In the case of AGBOGUNLERI V. DEPO (2008) 33 NSCQR (Pt 2) 781 at 800- 801 the Supreme Court, per Muhammad, JSC; dwelling on estoppel said thus:
“……..estoppel, generally, is that doctrine where a party is not allowed to say that a certain statement of fact is untrue, whether in reality it is true or not.
It is therefore a disability whereby a party is precluded from alleging or proving in legal proceedings that a fact is otherwise than it has been made to appear by the mailer giving rise to that disability.

Estoppel can be created in several ways. The Common law recognises three kinds:

1)      Estoppel by record or quasi by record

2)      Estoppel by deed and

3)      Estoppel in pais

The one that concerns us in this appeal is estoppel by record or quasi by record. It is more popularly known as Estoppel Per Rem Judicatam.

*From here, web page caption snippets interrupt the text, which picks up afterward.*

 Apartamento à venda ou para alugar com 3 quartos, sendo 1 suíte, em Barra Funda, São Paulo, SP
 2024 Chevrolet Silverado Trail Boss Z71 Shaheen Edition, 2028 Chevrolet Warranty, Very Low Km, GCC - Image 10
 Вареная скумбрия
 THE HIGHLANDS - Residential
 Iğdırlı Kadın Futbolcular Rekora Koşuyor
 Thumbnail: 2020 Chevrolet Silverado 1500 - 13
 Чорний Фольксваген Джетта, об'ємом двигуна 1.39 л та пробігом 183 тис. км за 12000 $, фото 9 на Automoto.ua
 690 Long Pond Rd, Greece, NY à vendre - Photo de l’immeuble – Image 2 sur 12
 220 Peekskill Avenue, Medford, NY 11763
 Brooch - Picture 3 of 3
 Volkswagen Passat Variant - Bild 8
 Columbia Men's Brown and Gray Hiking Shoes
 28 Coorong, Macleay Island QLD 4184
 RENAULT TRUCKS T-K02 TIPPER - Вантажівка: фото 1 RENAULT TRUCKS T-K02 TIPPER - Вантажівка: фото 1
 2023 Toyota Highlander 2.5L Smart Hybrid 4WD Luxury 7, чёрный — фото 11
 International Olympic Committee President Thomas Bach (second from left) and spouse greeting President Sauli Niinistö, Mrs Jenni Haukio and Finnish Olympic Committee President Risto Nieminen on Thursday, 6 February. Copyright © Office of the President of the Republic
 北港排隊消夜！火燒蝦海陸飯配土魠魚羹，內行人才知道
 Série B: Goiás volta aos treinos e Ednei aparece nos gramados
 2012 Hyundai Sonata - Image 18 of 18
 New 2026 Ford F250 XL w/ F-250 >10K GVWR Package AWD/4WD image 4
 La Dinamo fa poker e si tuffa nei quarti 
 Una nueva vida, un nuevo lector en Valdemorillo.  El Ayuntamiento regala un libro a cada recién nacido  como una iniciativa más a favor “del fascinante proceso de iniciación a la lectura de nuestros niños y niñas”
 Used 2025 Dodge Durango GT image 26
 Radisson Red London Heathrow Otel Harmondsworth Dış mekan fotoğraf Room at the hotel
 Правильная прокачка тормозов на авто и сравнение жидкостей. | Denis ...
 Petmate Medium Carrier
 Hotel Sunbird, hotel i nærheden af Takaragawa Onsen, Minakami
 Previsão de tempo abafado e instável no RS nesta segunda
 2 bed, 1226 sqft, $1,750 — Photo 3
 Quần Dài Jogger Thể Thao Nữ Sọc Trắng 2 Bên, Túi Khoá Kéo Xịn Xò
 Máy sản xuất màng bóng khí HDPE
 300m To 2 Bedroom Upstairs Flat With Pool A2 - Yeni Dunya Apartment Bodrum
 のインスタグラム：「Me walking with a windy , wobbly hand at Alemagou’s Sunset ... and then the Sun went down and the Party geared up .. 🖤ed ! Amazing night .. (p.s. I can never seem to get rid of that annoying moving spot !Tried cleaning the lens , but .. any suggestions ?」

It presupposes that a final decision of a court of competent jurisdiction once pronounced between the parties cannot be contradicted by any of such parties in any subsequent litigation between them respecting the same subject matter. It arises in the following situations:

1)      where an issue of fact has been judicially determined in a final manner between the parties by a court/tribunal having Jurisdiction, concurrent or exclusive, in the matter and the same issue comes directly in question in subsequent proceedings between the same parties, (cause of action estoppel).

2)      where the first determination was by a court having exclusive jurisdiction, and the same issue comes incidentally in question in subsequent proceedings between same parties (issue estoppel)

3)      in some cases where an issue of fact affecting the status of a person or thing has been necessarily determined in a final manner as a substantive part of a judgment in REM of a court/tribunal having jurisdiction to determine that status and the same issue comes directly in question in subsequent proceedings between any parties whatever,”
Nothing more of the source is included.